(Extracted records)
****

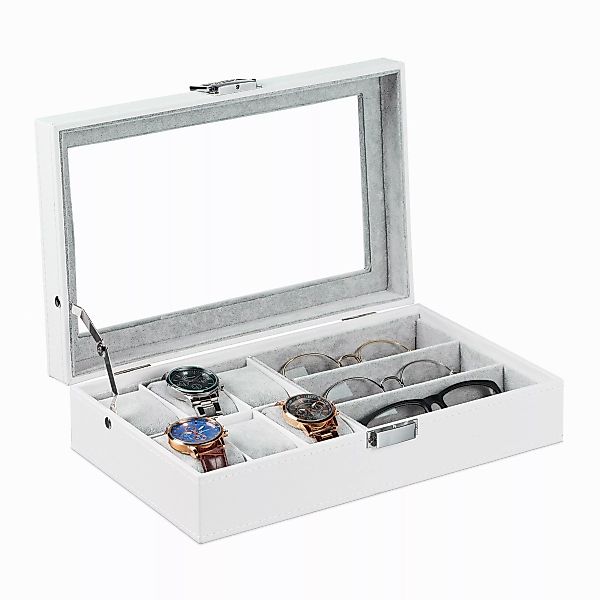 relaxdays Schmuckkasten Schmuckaufbewahrung in Lederoptik, Weiß günstig online kaufen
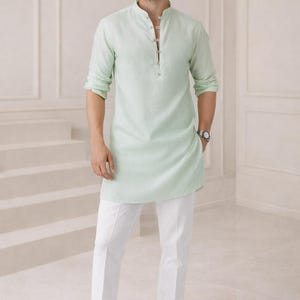 Set pigiama Kurta in cotone verde menta da uomo / Abbigliamento festivo per matrimoni indiani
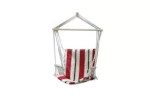 Hamac tip scaun suspendat din bumbac, rosu alb, 100x50 cm, suporta 150 kg, pentru gradina, terasa, balcon si camping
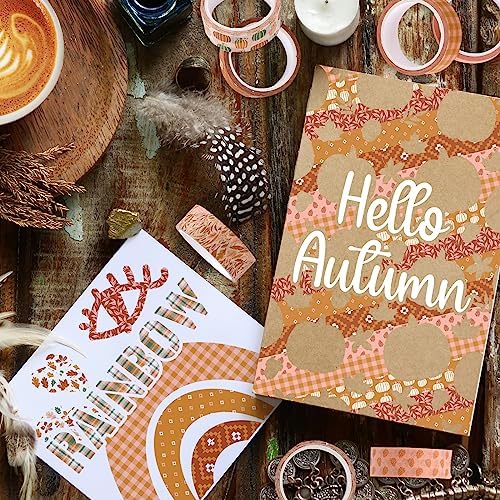 Whaline 12 Rolls Fall Pumpkin Washi Tape Autumn Leaves Boho Washi Masking Tape Thanksgiving Pumpkin Maple Leaf Print Decorative Craft Tapes for Fall Scrapbook Gift Wrapping DIY Art Crafts, 16.4Ft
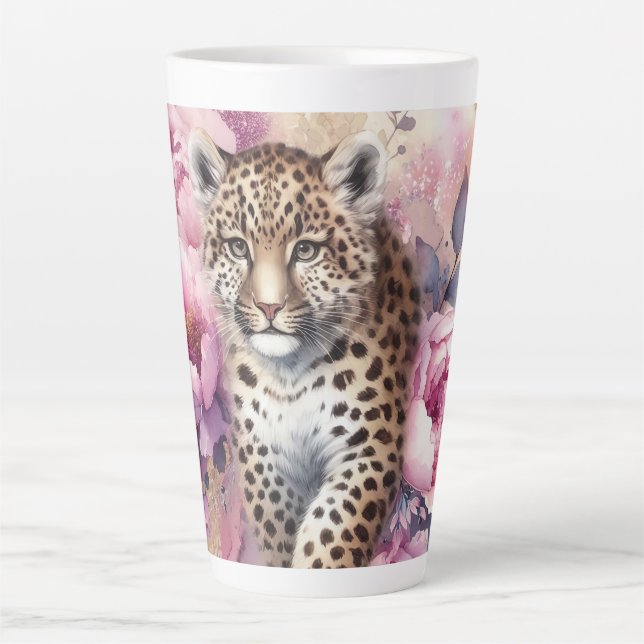 Leopard Cub & Rose Milchtasse (Vorderseite)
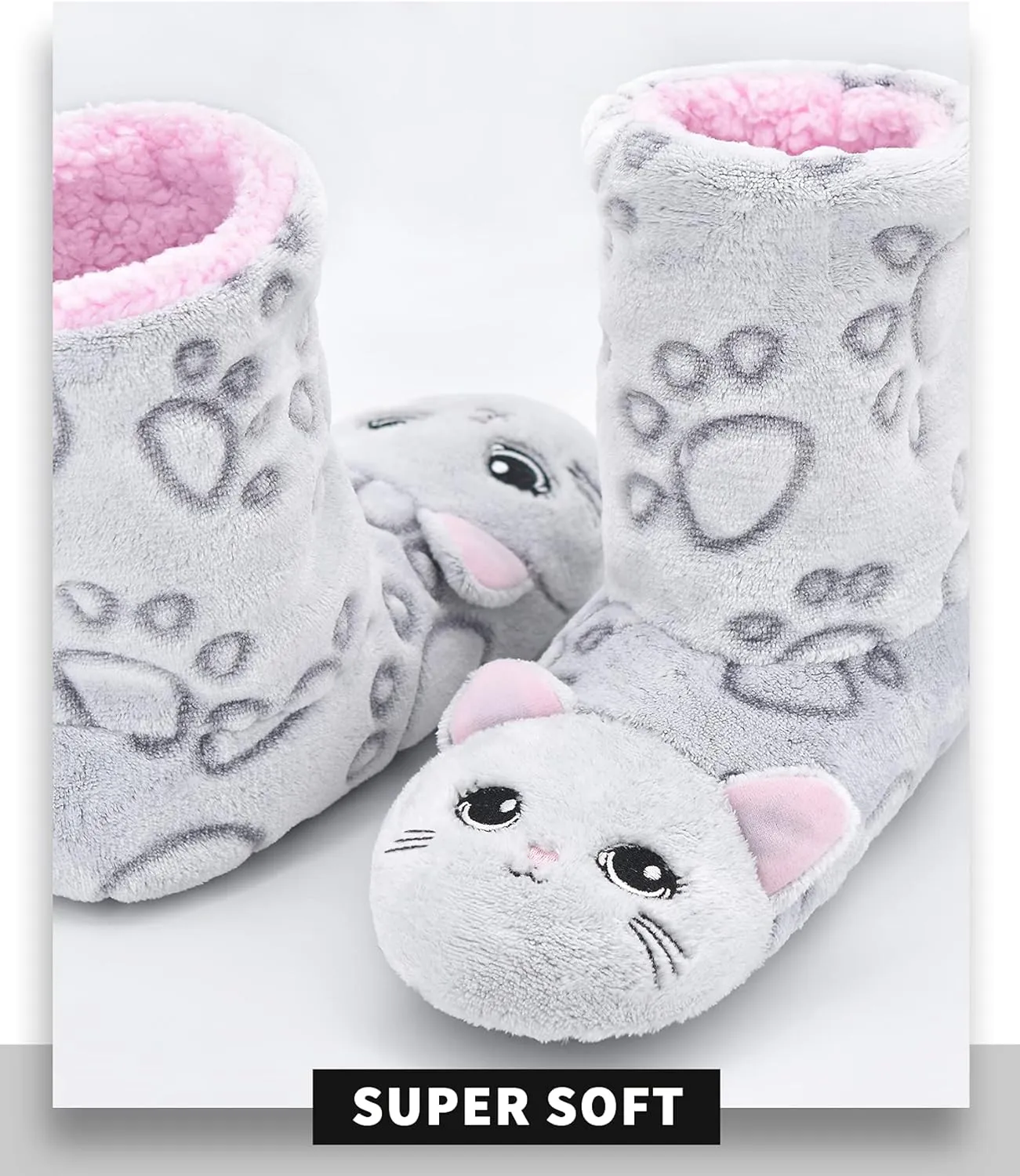 Panda Bros Slipper Socks for Women Cozy Warm Lined Fuzzy Sock Slippers Indoor Booties with Non Slip Grippers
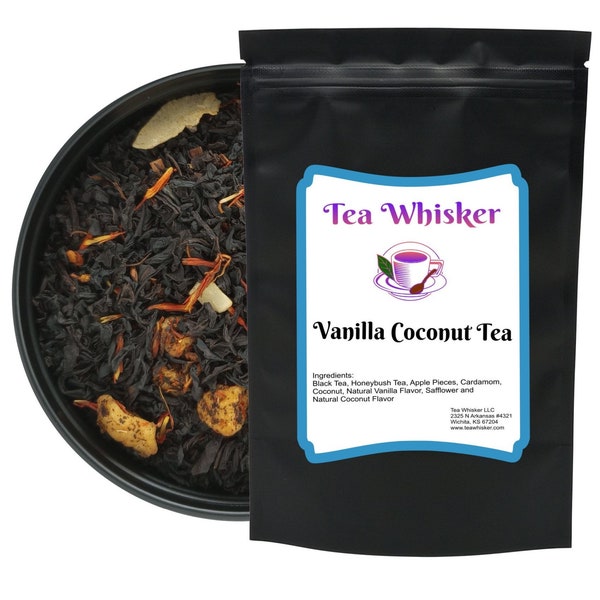 Vanilla Coconut, 100% All Natural, Gourmet, Black Loose Leaf Tea, Contains Caffeine, Great Hot or Iced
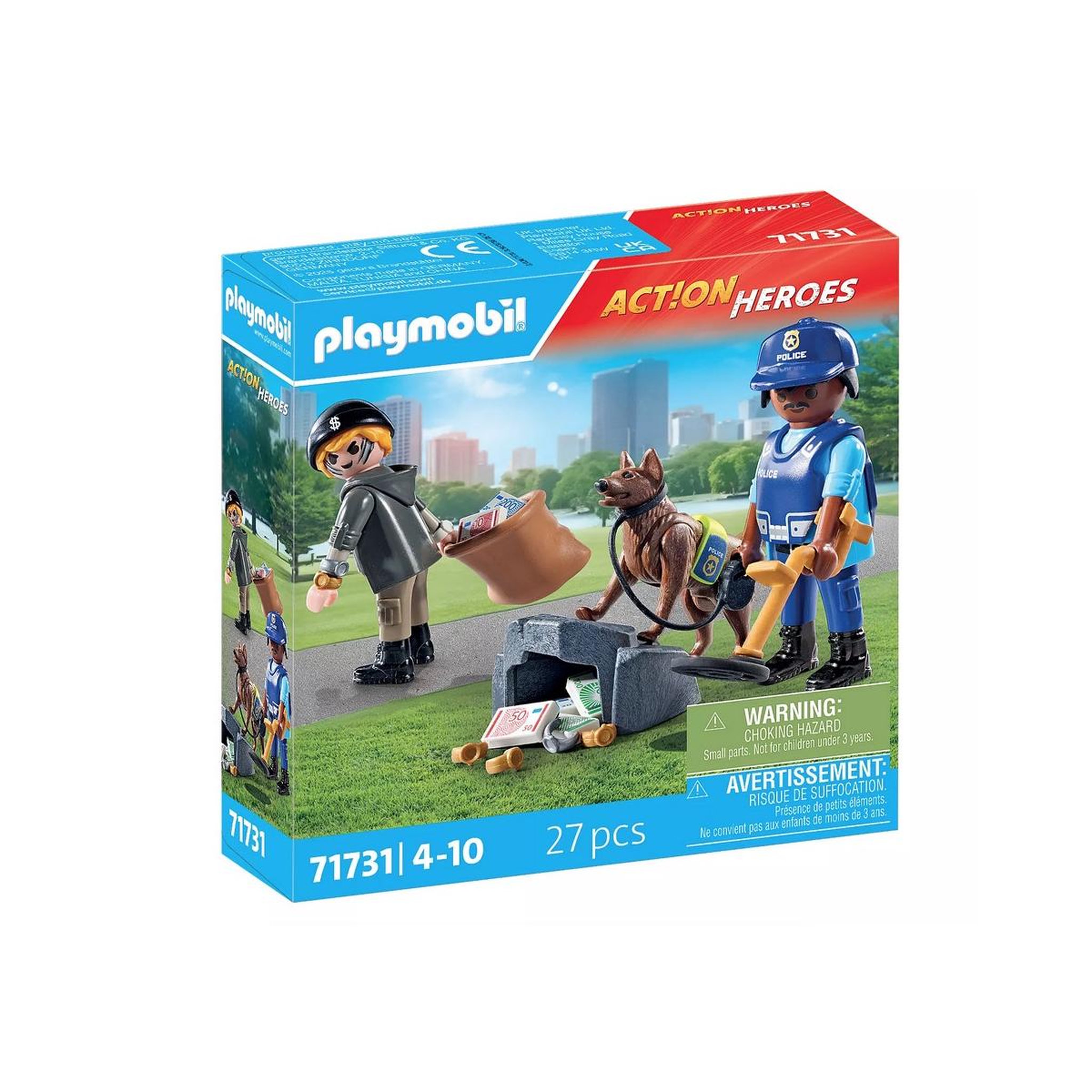 PLAYMOBIL 71731 Policier chien de recherche et voleur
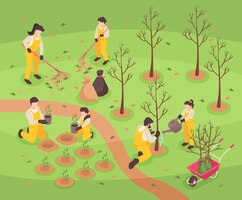 Bezpłatny wektor nastolatki pracują w parku podlewania drzew i sadzonki izometrycznej ilustracji wektorowych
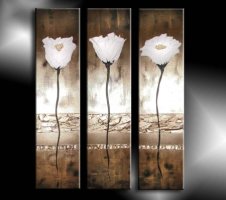 Vícedílné obrazy - Bílé květiny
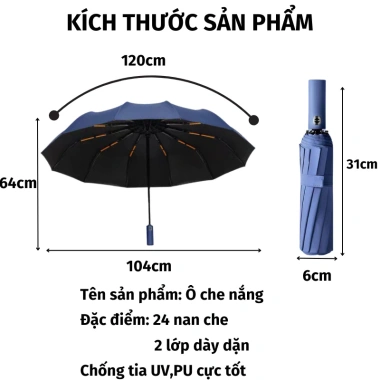 Dù Che Mưa Mika Đi Nắng Gấp Nút Bấm Tự Động, Gọn Nan Kép, Chống Thấm Bền - Giá 149.000 VNĐ 3 Dù Che Mưa Mika Đi Nắng Gấp Nút Bấm Tự Động, Gọn Nan Kép, Chống Thấm Bền - Giá 149.000 VNĐ 3
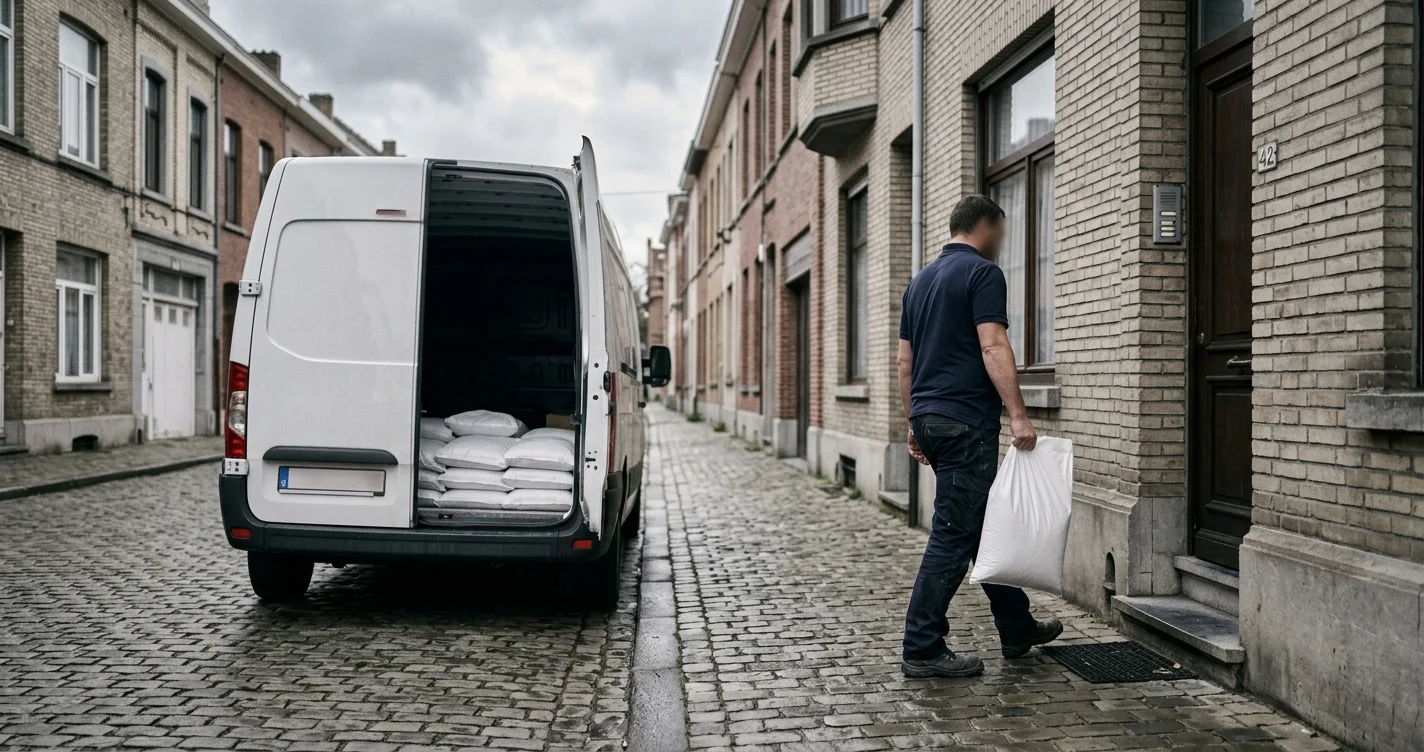 La camionnette KingSalt devant un domicile bruxellois, un sac porté jusqu'à la porte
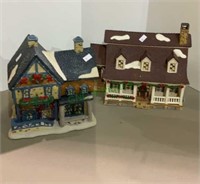 Set of two lighted Christmas houses made of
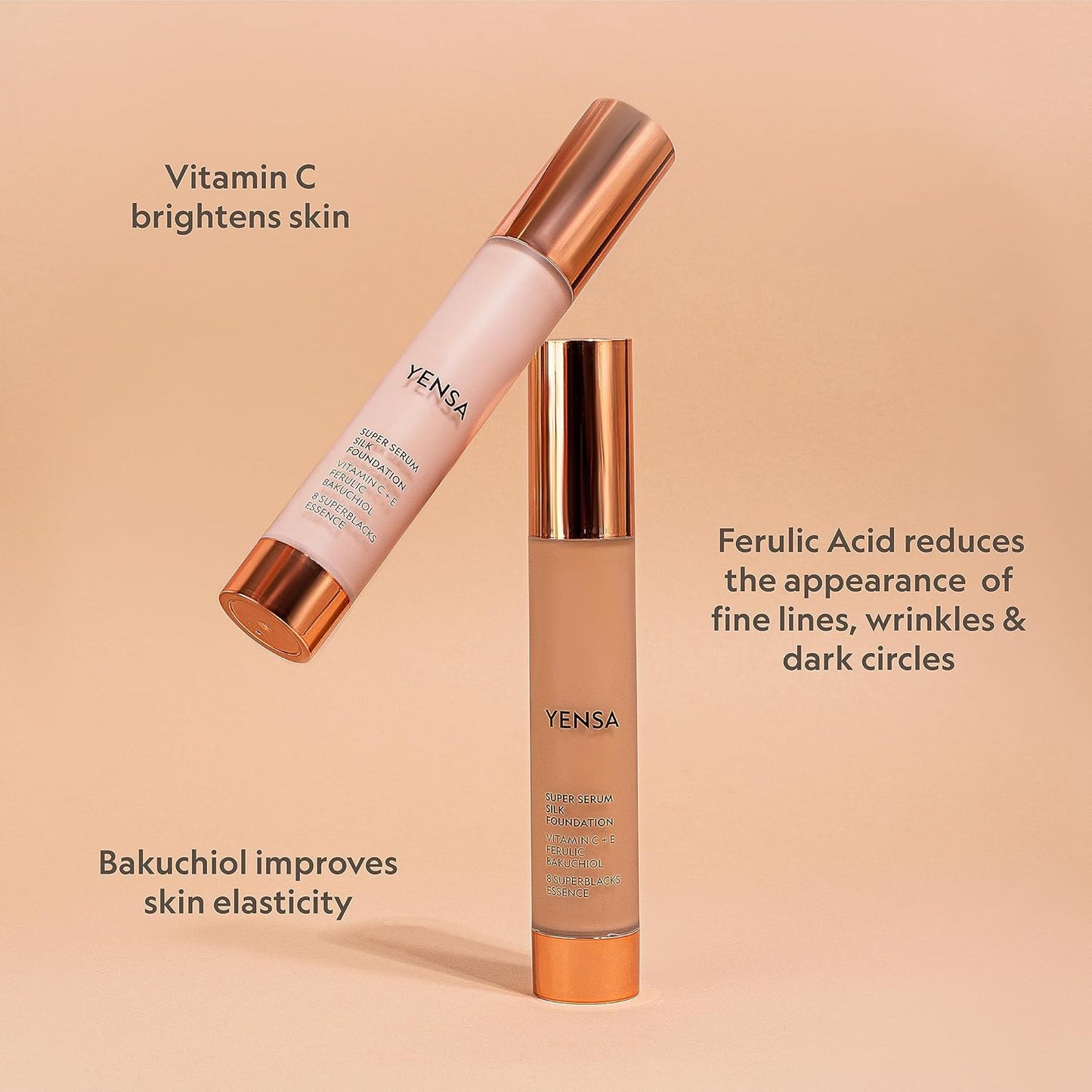 YENSA Super Silk Foundation - Full Coverage, Age-defying complex of Vitamin C, E, Ferulic, and Bakuchiol Oil (Light 2) 1.0 fl oz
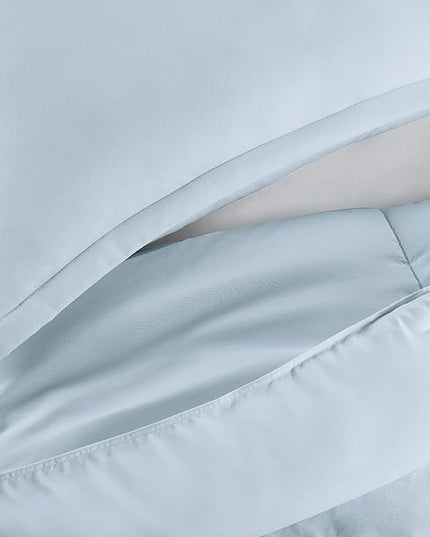 SERTA Simply Clean Ultra Soft Hypoallergenic Solid 3 Piece Comforter Set, King, Light Blue - LeafyLoom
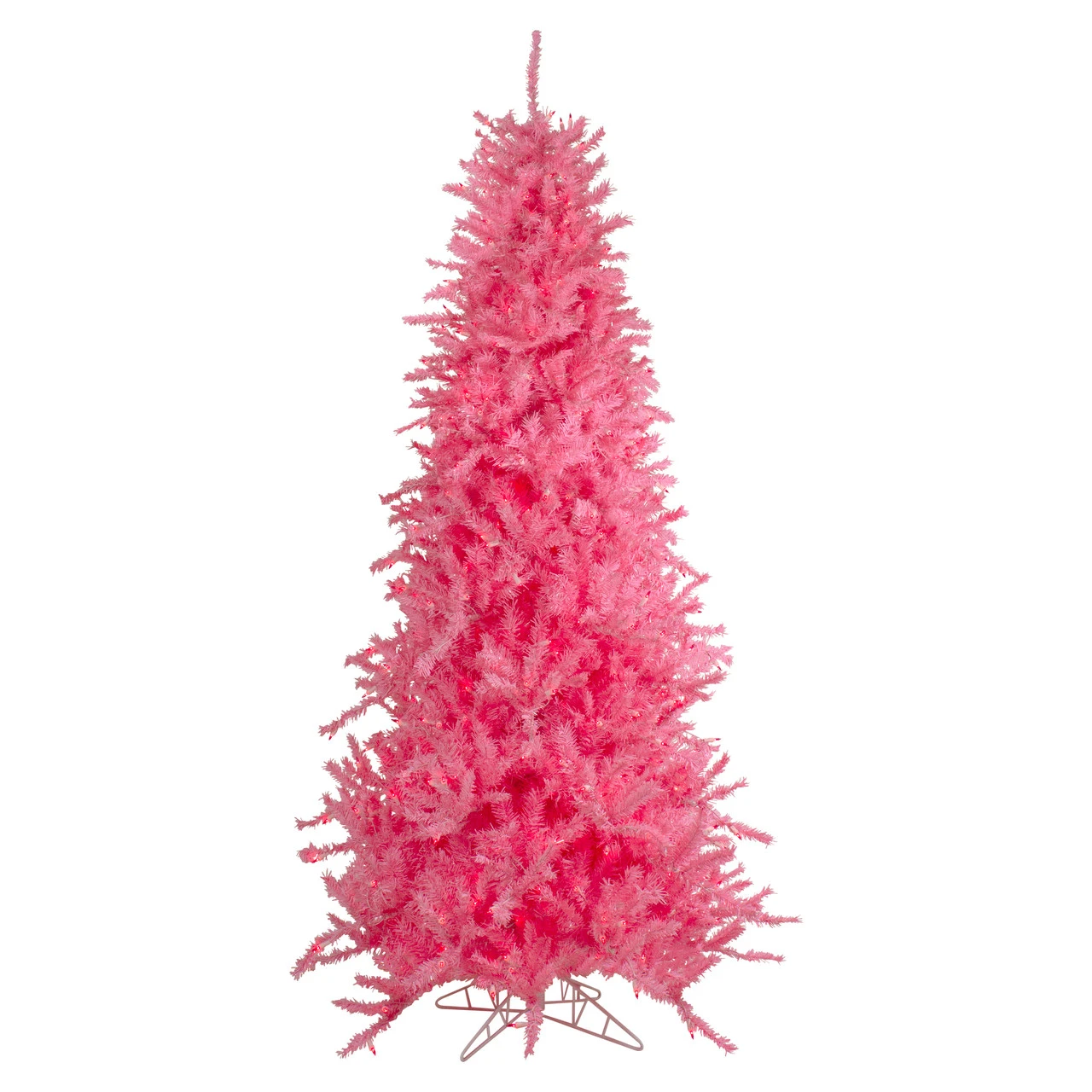 7.5' Pre-Lit Pink Tinsel Slim Artificial Christmas Tree - Pink Lights 4 7.5' Pre-Lit Pink Tinsel Slim Artificial Christmas Tree - Pink Lights - Image 2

****

Task to carry out> Beginning at the line with "Vanilla Coconut, 100%", reproduce word for word each line through the last line of the records. Include both ends but no pictures.

Written reply>
 Vanilla Coconut, 100% All Natural, Gourmet, Black Loose Leaf Tea, Contains Caffeine, Great Hot or Iced
 PLAYMOBIL 71731 Policier chien de recherche et voleur
 Bezpłatny wektor nastolatki pracują w parku podlewania drzew i sadzonki izometrycznej ilustracji wektorowych
 Vícedílné obrazy - Bílé květiny
 Dù Che Mưa Mika Đi Nắng Gấp Nút Bấm Tự Động, Gọn Nan Kép, Chống Thấm Bền - Giá 149.000 VNĐ 3 Dù Che Mưa Mika Đi Nắng Gấp Nút Bấm Tự Động, Gọn Nan Kép, Chống Thấm Bền - Giá 149.000 VNĐ 3
 La camionnette KingSalt devant un domicile bruxellois, un sac porté jusqu'à la porte
 Set of two lighted Christmas houses made of
 YENSA Super Silk Foundation - Full Coverage, Age-defying complex of Vitamin C, E, Ferulic, and Bakuchiol Oil (Light 2) 1.0 fl oz
 SERTA Simply Clean Ultra Soft Hypoallergenic Solid 3 Piece Comforter Set, King, Light Blue - LeafyLoom
 7.5' Pre-Lit Pink Tinsel Slim Artificial Christmas Tree - Pink Lights 4 7.5' Pre-Lit Pink Tinsel Slim Artificial Christmas Tree - Pink Lights - Image 2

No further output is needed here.